EXTRACTED RECORDS section start

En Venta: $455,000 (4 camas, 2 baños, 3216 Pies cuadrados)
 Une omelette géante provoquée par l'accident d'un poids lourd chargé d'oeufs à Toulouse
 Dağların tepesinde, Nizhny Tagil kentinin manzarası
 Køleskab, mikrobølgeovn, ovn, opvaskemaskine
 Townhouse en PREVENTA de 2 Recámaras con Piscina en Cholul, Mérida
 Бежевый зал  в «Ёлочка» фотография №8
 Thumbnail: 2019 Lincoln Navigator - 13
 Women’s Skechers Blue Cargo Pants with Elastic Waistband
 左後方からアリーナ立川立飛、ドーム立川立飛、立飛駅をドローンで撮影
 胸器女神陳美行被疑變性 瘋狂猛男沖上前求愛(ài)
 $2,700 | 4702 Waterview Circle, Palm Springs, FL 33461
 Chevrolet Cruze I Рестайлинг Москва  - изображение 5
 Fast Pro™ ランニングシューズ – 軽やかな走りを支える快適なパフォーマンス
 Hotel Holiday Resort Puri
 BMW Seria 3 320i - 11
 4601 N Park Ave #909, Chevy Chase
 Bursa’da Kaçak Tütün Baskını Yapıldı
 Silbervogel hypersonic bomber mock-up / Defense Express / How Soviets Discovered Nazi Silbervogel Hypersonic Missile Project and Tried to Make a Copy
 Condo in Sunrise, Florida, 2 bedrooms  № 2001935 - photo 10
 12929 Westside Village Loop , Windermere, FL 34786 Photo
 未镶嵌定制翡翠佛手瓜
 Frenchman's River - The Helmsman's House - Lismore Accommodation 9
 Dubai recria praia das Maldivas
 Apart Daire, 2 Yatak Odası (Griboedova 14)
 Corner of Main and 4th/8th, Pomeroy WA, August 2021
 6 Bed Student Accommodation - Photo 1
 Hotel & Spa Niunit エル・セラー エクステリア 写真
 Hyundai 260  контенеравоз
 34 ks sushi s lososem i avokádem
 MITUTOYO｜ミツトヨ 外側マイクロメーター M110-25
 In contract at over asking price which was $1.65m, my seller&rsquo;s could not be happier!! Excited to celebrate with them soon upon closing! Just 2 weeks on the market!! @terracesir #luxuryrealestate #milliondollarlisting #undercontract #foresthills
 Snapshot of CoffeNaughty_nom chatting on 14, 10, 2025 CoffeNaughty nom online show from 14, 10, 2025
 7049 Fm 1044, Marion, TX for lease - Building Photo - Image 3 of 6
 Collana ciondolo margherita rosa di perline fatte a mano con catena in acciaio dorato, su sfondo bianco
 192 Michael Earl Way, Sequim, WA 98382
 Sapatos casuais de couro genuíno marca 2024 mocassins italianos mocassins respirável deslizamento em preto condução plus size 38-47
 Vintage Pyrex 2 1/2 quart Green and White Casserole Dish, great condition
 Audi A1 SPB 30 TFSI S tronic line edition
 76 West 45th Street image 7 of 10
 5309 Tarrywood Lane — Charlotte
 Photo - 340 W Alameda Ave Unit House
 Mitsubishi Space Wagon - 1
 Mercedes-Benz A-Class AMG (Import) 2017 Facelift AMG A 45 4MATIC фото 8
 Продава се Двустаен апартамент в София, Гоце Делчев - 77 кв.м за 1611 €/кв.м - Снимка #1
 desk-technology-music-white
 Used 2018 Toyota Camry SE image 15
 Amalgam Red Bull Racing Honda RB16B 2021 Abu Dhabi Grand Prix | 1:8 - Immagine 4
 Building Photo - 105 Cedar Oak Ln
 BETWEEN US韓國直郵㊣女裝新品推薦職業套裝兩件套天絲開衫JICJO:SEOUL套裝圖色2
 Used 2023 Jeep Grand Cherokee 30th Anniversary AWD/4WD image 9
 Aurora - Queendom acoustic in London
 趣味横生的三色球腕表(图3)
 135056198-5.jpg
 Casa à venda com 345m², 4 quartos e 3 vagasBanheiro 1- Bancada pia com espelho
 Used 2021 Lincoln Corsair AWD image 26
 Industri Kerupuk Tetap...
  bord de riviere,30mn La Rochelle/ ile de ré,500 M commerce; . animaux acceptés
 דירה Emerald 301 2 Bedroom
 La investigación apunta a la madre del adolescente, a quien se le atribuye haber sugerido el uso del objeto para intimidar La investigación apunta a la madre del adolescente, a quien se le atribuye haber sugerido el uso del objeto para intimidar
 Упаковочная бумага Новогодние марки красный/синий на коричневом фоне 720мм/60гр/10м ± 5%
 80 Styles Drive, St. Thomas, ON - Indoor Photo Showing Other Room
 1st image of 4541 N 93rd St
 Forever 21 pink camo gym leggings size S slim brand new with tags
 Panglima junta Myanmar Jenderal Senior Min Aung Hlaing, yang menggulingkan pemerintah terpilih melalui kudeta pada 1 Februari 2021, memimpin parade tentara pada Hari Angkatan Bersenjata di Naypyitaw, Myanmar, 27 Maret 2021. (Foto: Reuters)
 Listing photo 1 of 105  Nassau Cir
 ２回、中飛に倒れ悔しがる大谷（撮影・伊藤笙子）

EXTRACTED RECORDS section end

**WORK REQUEST:** Set down only these lines, exactly: the line containing "Forever 21 pink" and each line after it, through the end of the listing.

**RESULT OF THE TASK:**
 Forever 21 pink camo gym leggings size S slim brand new with tags
 Panglima junta Myanmar Jenderal Senior Min Aung Hlaing, yang menggulingkan pemerintah terpilih melalui kudeta pada 1 Februari 2021, memimpin parade tentara pada Hari Angkatan Bersenjata di Naypyitaw, Myanmar, 27 Maret 2021. (Foto: Reuters)
 Listing photo 1 of 105  Nassau Cir
 ２回、中飛に倒れ悔しがる大谷（撮影・伊藤笙子）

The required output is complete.